Dependent files from pipeline #1 lake-temperature-model-prep:
- feature_crosswalk.rds and .ind
- lakes_sf.rds and .ind
- NLDAS_grid coords and cell resolution

The following files are dependencies in pipeline #3 lake-temperature-neural-networks:
- [`feature_nldas_coords.rds`](https://drive.google.com/drive/u/1/folders/1pbhIjfYUPZ4lEICm5zwJFjIjGYEz1qwi) and [`.ind`](https://github.com/USGS-R/lake-temperature-neural-networks/tree/master/in)
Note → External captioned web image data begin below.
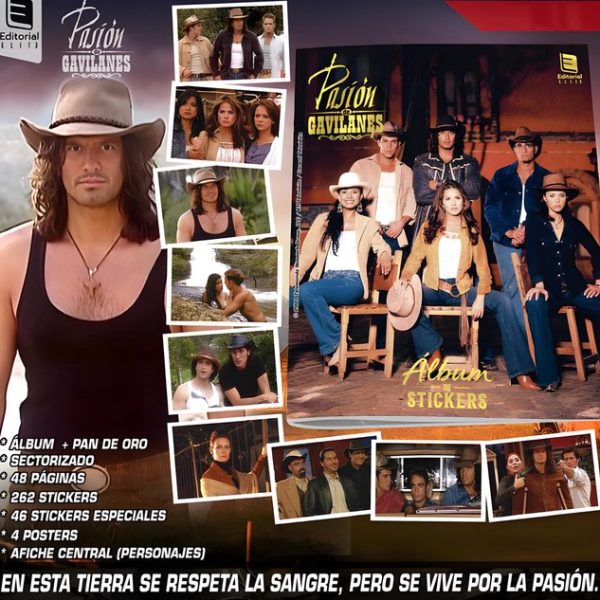 Pasion de Gavilanes: Álbum Completo A Pegar foto 1
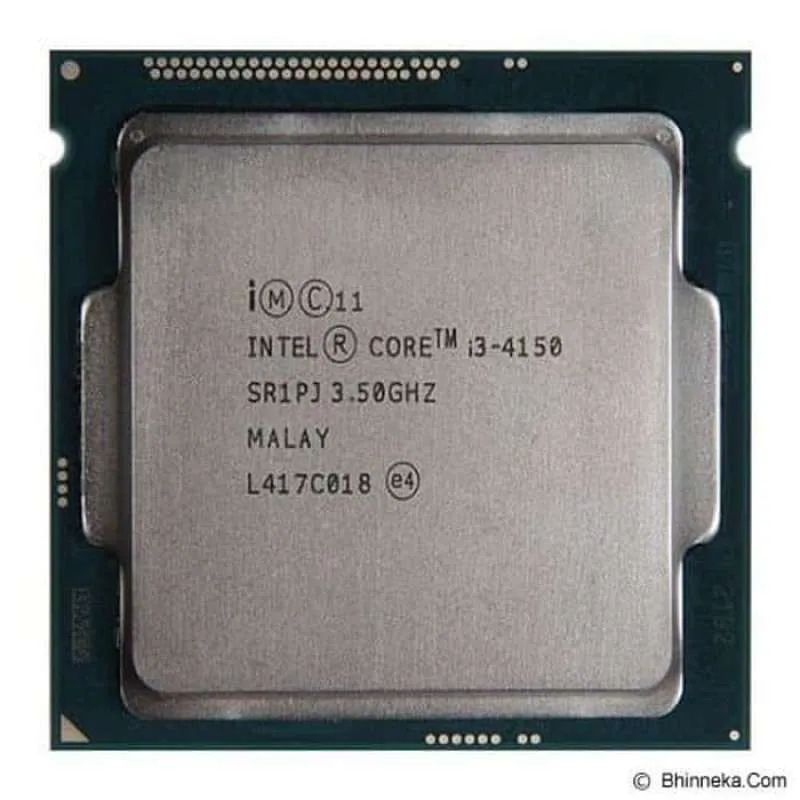 Processor Intel Core i3 4150 Tray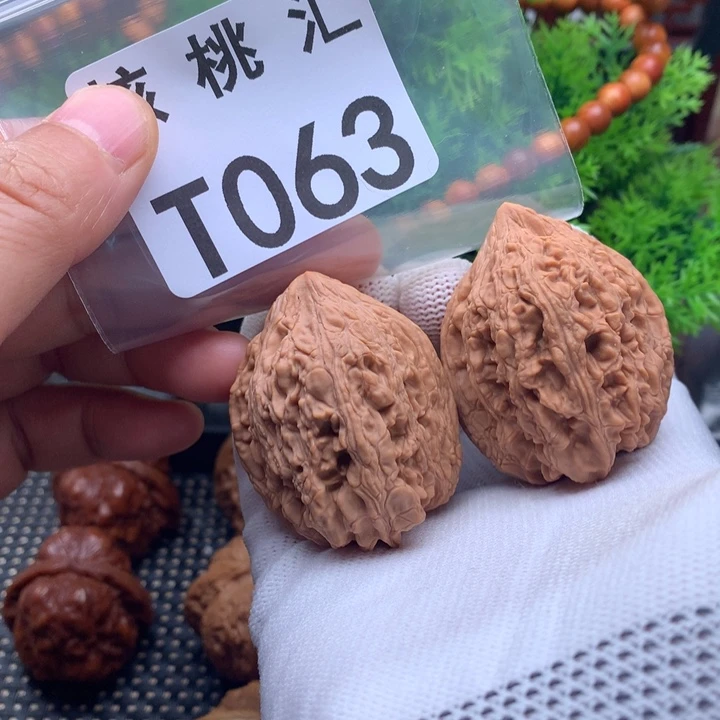 文玩核桃把件大沽石39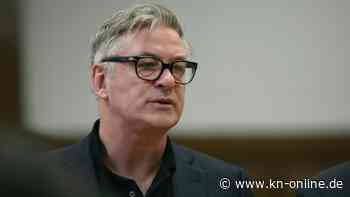 Alec Baldwin plädiert nach Schuss auf Kamerafrau auf nicht schuldig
If any of these files are changed / updated in this pipeline, remember to:
1. copy the update .rds file to the dependent pipeline's drive (which is hyperlinked above) and to _ALSO_
2. copy the updated .ind file to the dependent pipeline's github repository (which is also hyperlinked above)

### end around on the batch jobs
In order to get around the issue with UV being down, my VM being slow, and normal being even slower in batch mode, I set up a single node in normal for interactive mode, and ran scmake in R.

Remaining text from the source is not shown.